As per Wiki - Apache Hadoop is an open-source software framework used for distributed storage and processing of dataset of big data using the MapReduce programming model.
To understand the need and evolution of Hadoop-MapReduce, I suggest you to go through the below write up :-
Evolution of Hadoop and MapReduce
P.S : - More to Come on this introduction part.
Connecting the Dots
Ok, Let’s try to see the whole architecture from a different perspective. We all know that the Hadoop cluster is “made” using the commodity Hardwares and let’s assume that we have 5 Physical machines each of them is having a basic configuration (16GB RAM, 1 TB HDD, and 8 Core Processors).
Ta-da, we have got the physical machines in place and we now need to do is to setup a Spark Cluster using these machines. To separate the concerns, we will be sticking on to the official Spark Architecture (Documentation) and try to illustrate how the following components are form part of the Architecture.
- Main Components - Hypothesis
- Driver Program :- This should be the user logic and configuration, eh?
- Cluster Manager :- This should be something which manages the Cluster (Hmm, resources and flow ? )
- Worker Node :- This should be something which does the actual work ?
We will try to give a formal definition and the responsibilities of each of these components in a while. Since we are building a Hadoop Spark Cluster, we should
have a Distributed Storage layer built first by connecting all these machines to store the large volumes of data. So in the cluster we are going to build,
we will make the Machine 1 as the Edge Node (A single point of access from where an end-user can perform anything on the cluster) and only 3 out of the 4 remaining
machines(Machine 2, 3 & 4) will only be used to store the data in the cluster and thus form the storage layer (3 * 1 TB = ~3 TB). If you closely observe the different
components in Hadoop Eco-system, almost everything work in a Master-Slave architecture. A master who controls and co-ordinates the actions and the slaves who perform
those actions. In the case of Distributed Storage, the master is called NameNode and the slaves are called DataNodes. So if you try to point them back to our simple
cluster NameNode is a process running on the Machine 5 and DataNodes are individual processes running on Machine 2,3 & 4. Similarly, for managing the task allocation
and resources, the Resource Manager(Master) will be running on Machine 5 and individual Node Managers(slaves) will be running on each of the Machines 2, 3 & 4.
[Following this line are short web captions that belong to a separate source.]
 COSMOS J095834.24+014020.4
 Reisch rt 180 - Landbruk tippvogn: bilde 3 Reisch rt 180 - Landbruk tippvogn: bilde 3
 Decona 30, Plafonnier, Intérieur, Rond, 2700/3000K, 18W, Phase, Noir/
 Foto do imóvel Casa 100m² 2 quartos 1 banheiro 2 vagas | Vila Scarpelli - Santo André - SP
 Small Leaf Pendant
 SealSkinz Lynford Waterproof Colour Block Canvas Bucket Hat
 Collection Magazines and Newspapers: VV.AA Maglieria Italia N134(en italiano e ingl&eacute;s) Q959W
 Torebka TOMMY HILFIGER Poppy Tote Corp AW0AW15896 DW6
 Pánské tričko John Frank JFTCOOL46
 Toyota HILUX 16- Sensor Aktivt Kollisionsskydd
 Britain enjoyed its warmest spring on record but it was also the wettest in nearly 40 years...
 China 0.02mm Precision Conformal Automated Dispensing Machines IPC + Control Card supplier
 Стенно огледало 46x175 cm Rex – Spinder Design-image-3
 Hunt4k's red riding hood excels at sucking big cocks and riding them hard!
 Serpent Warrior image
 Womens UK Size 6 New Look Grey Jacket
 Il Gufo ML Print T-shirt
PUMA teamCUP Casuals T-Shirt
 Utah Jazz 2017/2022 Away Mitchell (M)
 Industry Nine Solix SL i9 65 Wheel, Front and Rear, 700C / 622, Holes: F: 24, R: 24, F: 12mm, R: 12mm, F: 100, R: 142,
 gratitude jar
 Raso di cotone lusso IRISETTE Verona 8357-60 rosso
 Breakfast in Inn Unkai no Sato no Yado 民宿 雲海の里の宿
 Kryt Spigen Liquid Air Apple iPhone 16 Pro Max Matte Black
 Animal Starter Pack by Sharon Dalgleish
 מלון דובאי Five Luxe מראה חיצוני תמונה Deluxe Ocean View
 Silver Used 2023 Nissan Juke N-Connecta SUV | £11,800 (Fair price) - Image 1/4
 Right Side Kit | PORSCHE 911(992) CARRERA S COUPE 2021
Connecting the Dots - The Capacity of our Cluster!
Now that we have a storage layer to layer to store our ‘Big Data’, there should be some mechanism to do the computation/processing. If we do a quick peek into the Spark Architecture(Yes, I am still following the bottom up method to explain things :D ), we can see Components named Executor with individual Task and Cache. Yes, these are the Heros which gets the work done. We can treat each Executor as individual container with its own Processor and Memory(Virtual Cores - Will be explained in a separate thread - Spark Memory Management - Ideally the V-Cores are equal to the number of physical cores available in each Node). So if we do the math, Each of our Worker Node makes the following contributions to the total capacity of the Cluster.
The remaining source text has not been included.